**TASK DESCRIPTION:** Set down the lines below, exactly, starting at the one that contains "Posted by angela" and stopping at the last line, inclusive. Omit pictures.

AVAILABLE DATA Block Start

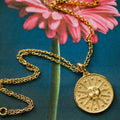 Sun Face Necklace | 18K Gold Vermeil Mionza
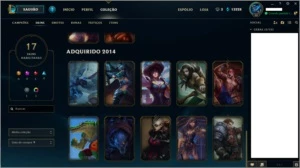 Conta LOL - Nível 30 - Unranked - 71 Campeões e 17 Skins. - League of Legends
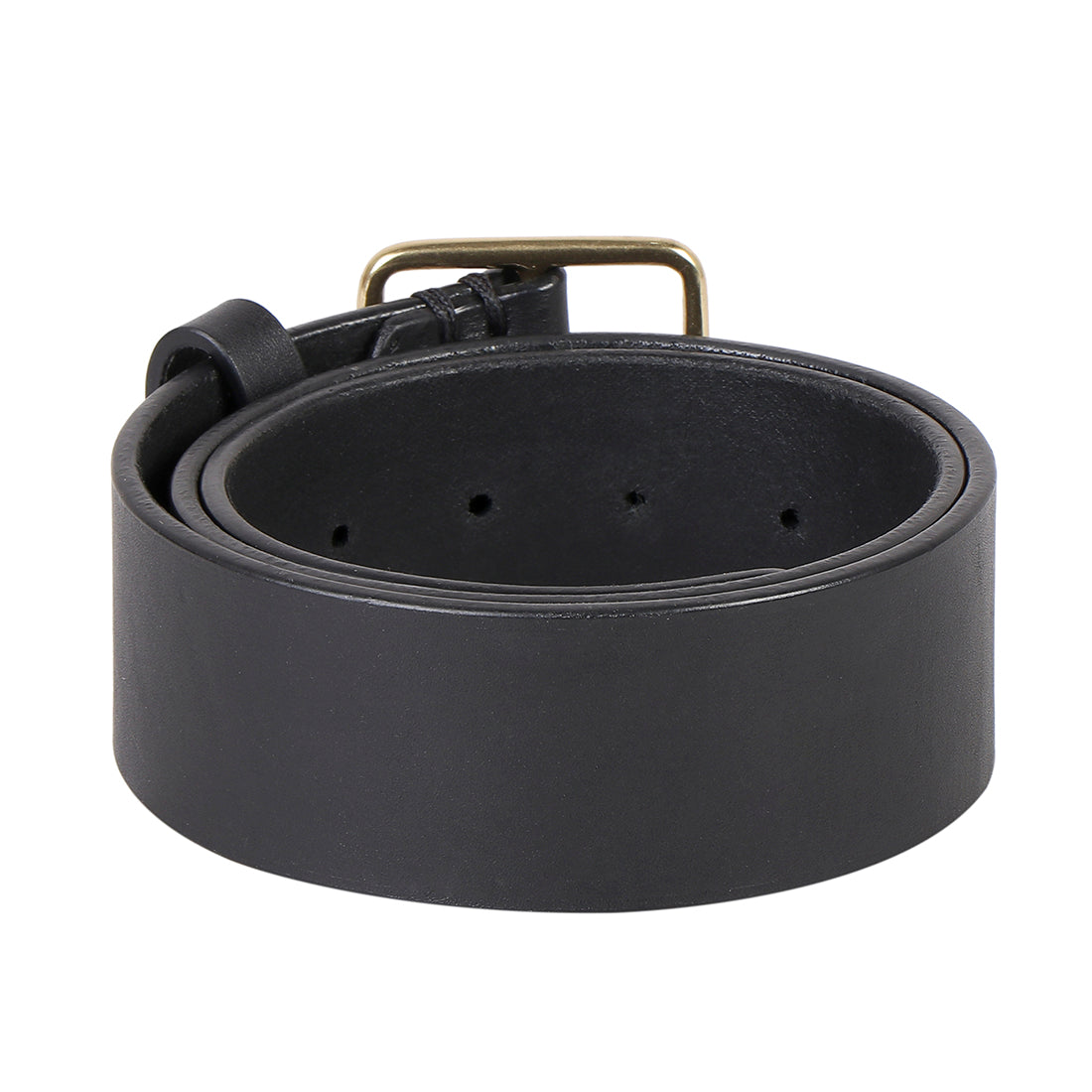 Matte Black Leather Belt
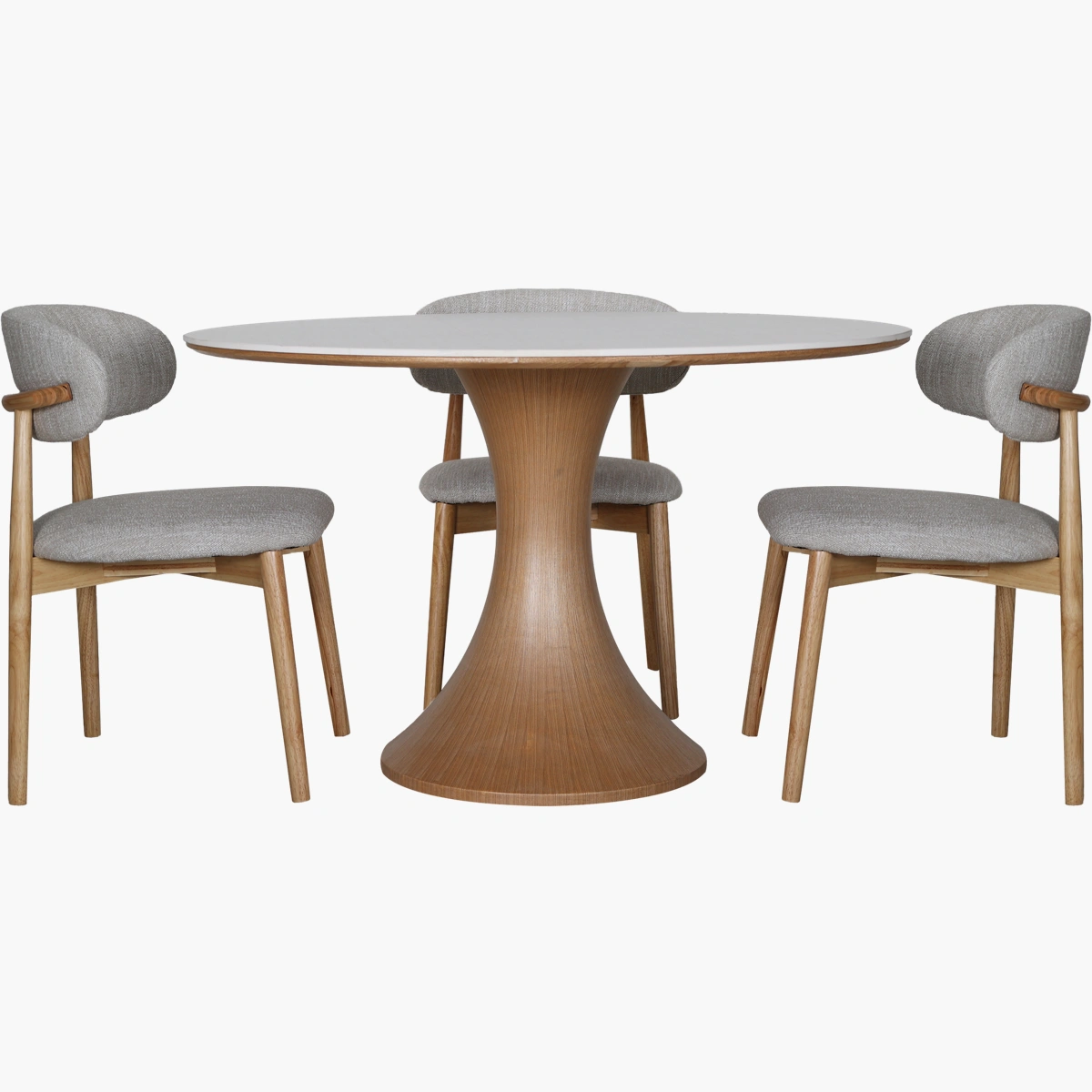 Comedor Pavi Roble_10 Comedor Pavi Garda Roble/Claro - vista adicional 2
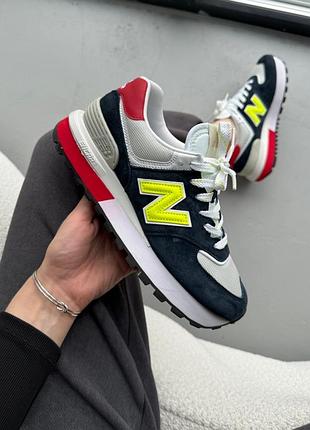 Кросівки new balance 574 legacy black/yellow/red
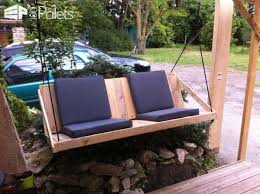 Posted by angela 36 comments. Easy Diy Tutorial Build Install One Pallet Swing Bench 1001 Pallets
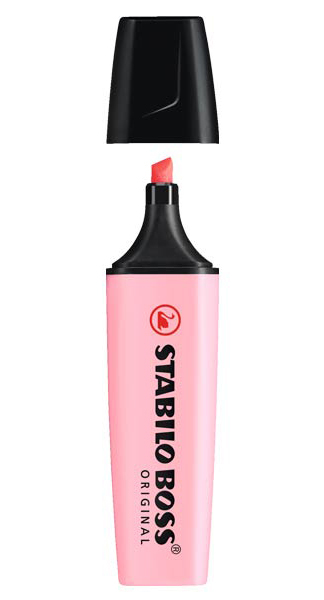 ROTU FLUOR MINI BOSS NARANJA PASTEL-CAJA 10-MELOCOTON SEDOS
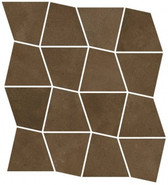 Мозаика Lifestyle Terra Mosaico Deco 20.5x22.7 керамогранит матовая, коричневый 620110000177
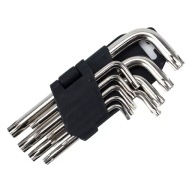 SADA KĽÚČOV TORX 1,5-10 9 kusov SILNÉ KĽÚČE TORX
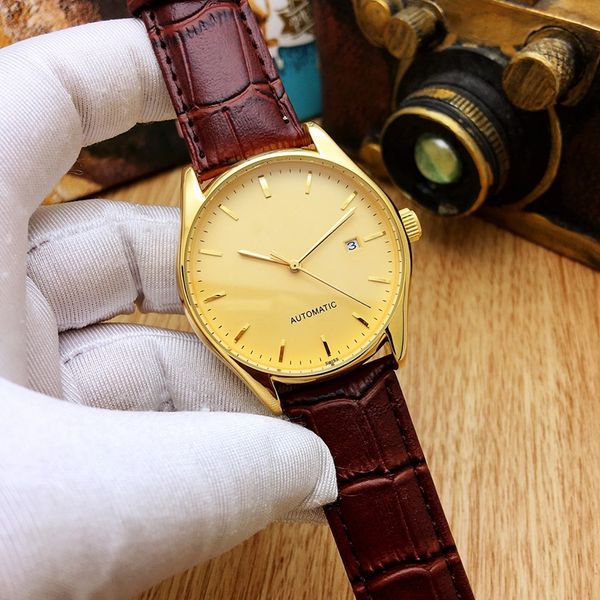 

2020 new leisure style mechanical watches designer watch brand luxury fashion men's watch table men or women sport watch big bang, Slivery;brown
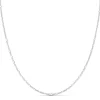 Cadena Figaro Oro Blanco 18K 1Mm 40Cm<Alda Joyeros Clearance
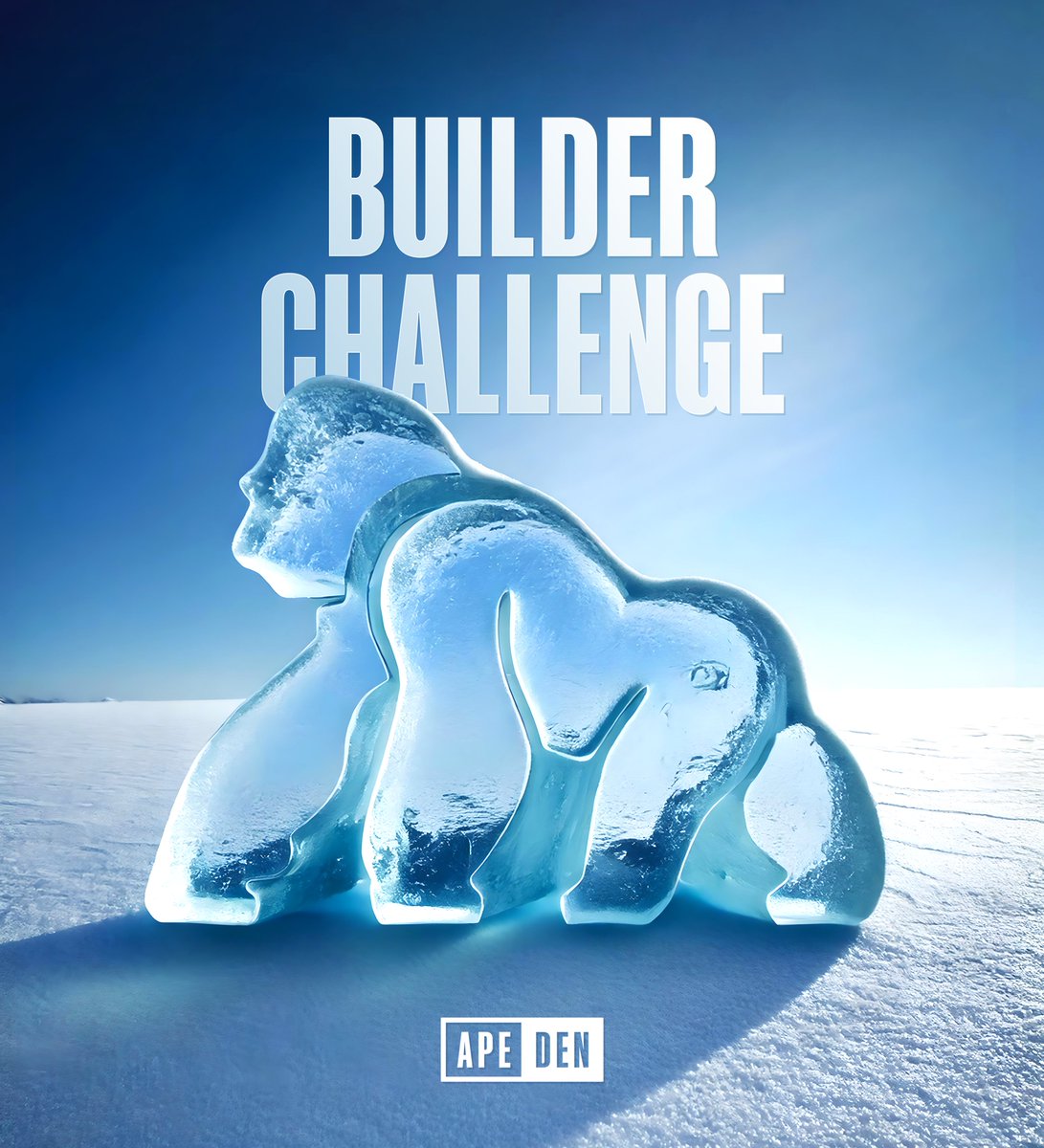 Deploy your project for the ApeDEN Builder Challenge:

🦍 Integrate NFT Shadows
🍀 Build systems to reward real talent
📊 Empower our network
💰 Earn 15K $APE and pitch your innovations to ecosystem architects <a href="/0xQuit/">Quit</a>, <a href="/imjameshall/">James ✋ 🍌</a>, <a href="/Waabam_eth/">Waabam 🧨</a>, and <a href="/_PPMan_/">PPMan 🦍</a>.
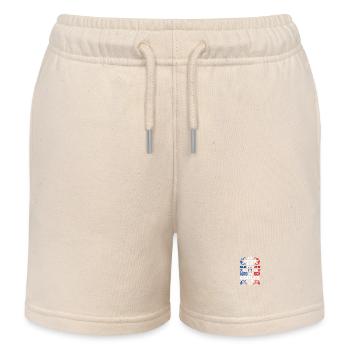 Slowenen Slowenien - Kinder Organic Joggingshorts Mini Bolter von Stanley/Stella - Natur - Vorne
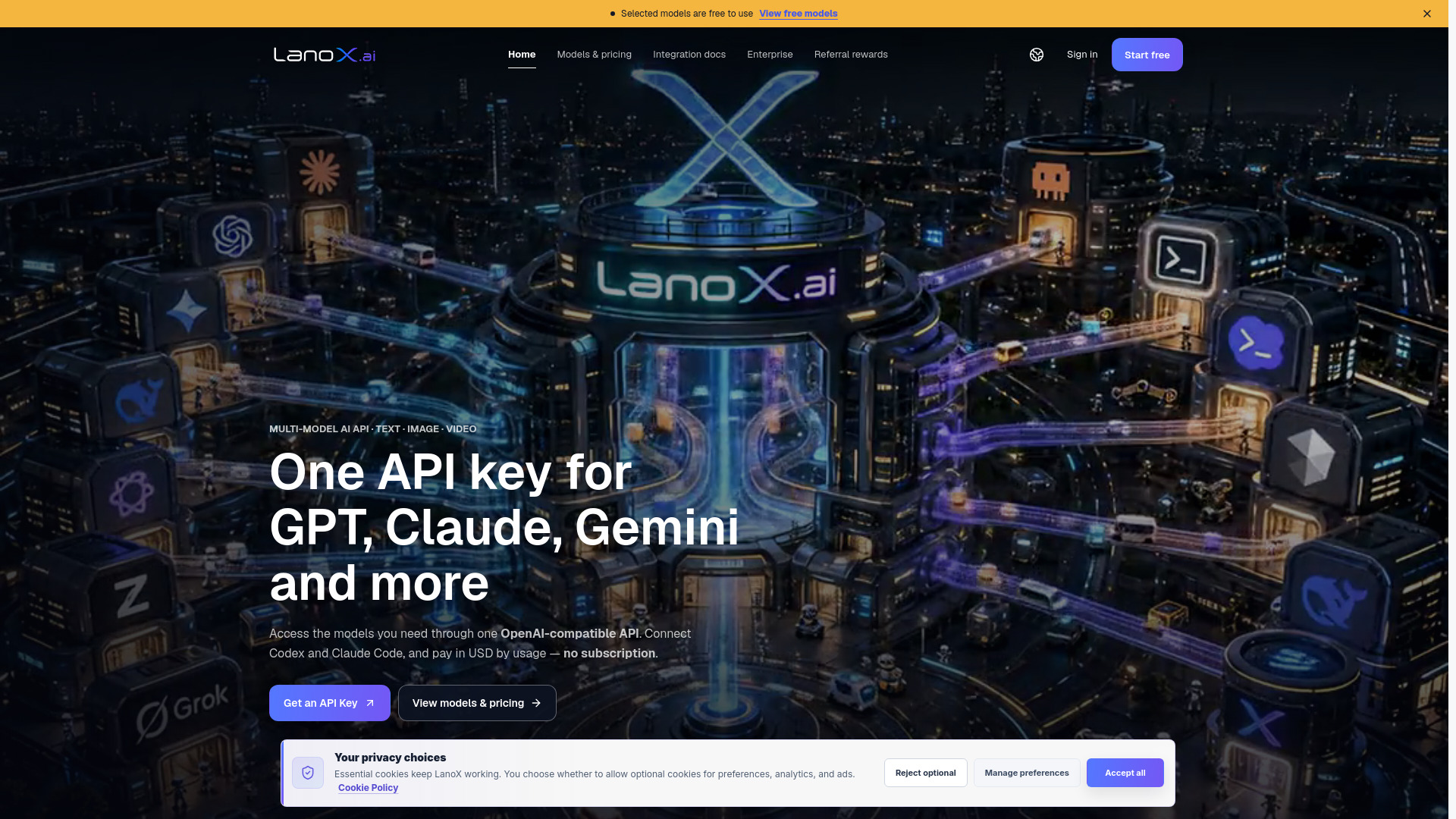 LanoX screenshot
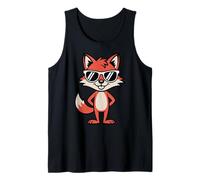 Cool Charming Red Fox with Sunglasses Canotta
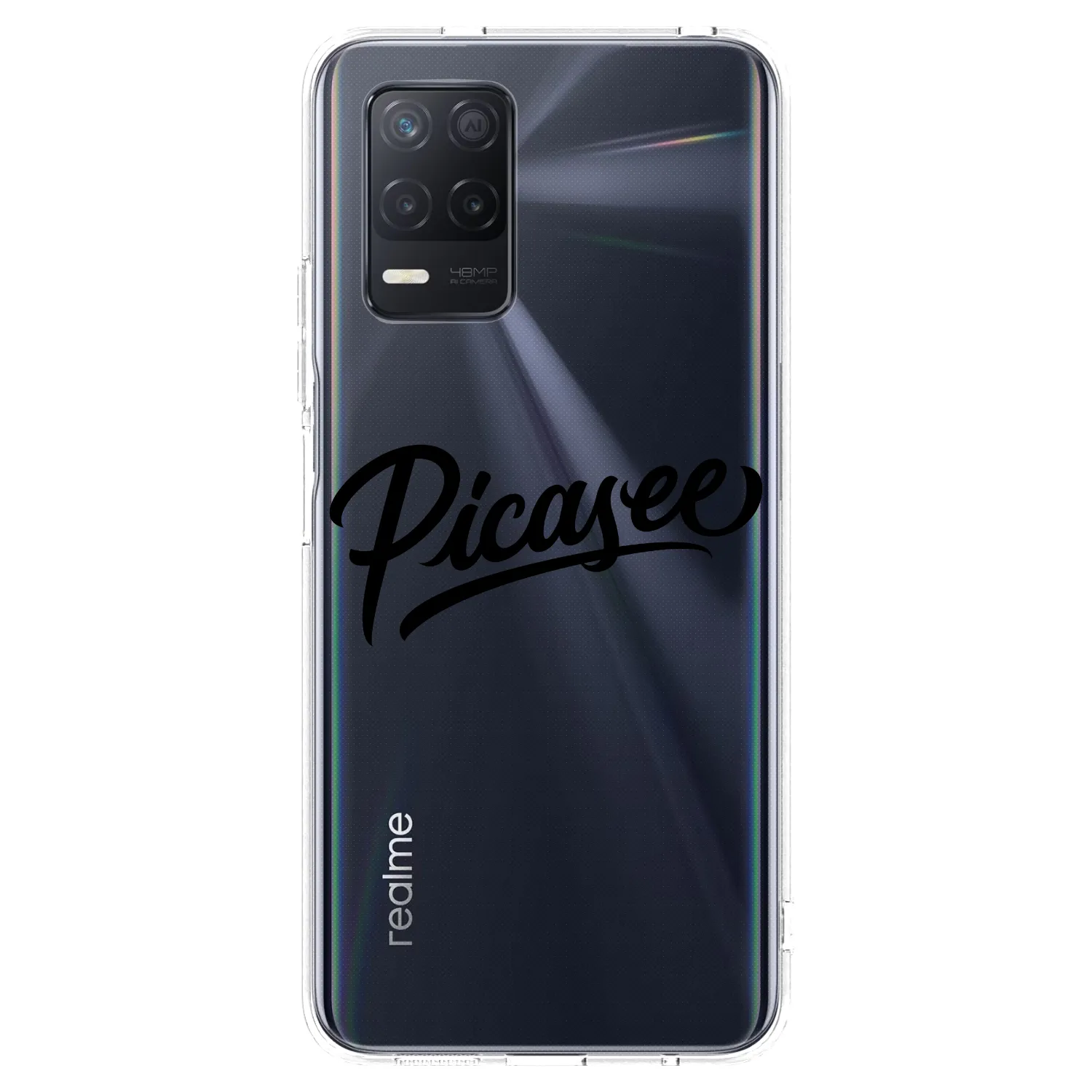 Picasee silikónový prehľadný obal pre Realme 8 5G - Picasee - old logo - black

AVAILABLE DATA Block End

**TASK RESULT:**
 Posted by angela 36 comments. Easy Diy Tutorial Build Install One Pallet Swing Bench 1001 Pallets
 ROTU FLUOR MINI BOSS NARANJA PASTEL-CAJA 10-MELOCOTON SEDOS
 Мозаика Lifestyle Terra Mosaico Deco 20.5x22.7 керамогранит матовая, коричневый 620110000177
 SADA KĽÚČOV TORX 1,5-10 9 kusov SILNÉ KĽÚČE TORX

2020 new leisure style mechanical watches designer watch brand luxury fashion men's watch table men or women sport watch big bang, Slivery;brown
 Cadena Figaro Oro Blanco 18K 1Mm 40Cm<Alda Joyeros Clearance
 Deploy your project for the ApeDEN Builder Challenge:

🦍 Integrate NFT Shadows
🍀 Build systems to reward real talent
📊 Empower our network
💰 Earn 15K $APE and pitch your innovations to ecosystem architects <a href="/0xQuit/">Quit</a>, <a href="/imjameshall/">James ✋ 🍌</a>, <a href="/Waabam_eth/">Waabam 🧨</a>, and <a href="/_PPMan_/">PPMan 🦍</a>.
 Slowenen Slowenien - Kinder Organic Joggingshorts Mini Bolter von Stanley/Stella - Natur - Vorne
 LanoX screenshot
 Cool Charming Red Fox with Sunglasses Canotta
 Picasee silikónový prehľadný obal pre Realme 8 5G - Picasee - old logo - black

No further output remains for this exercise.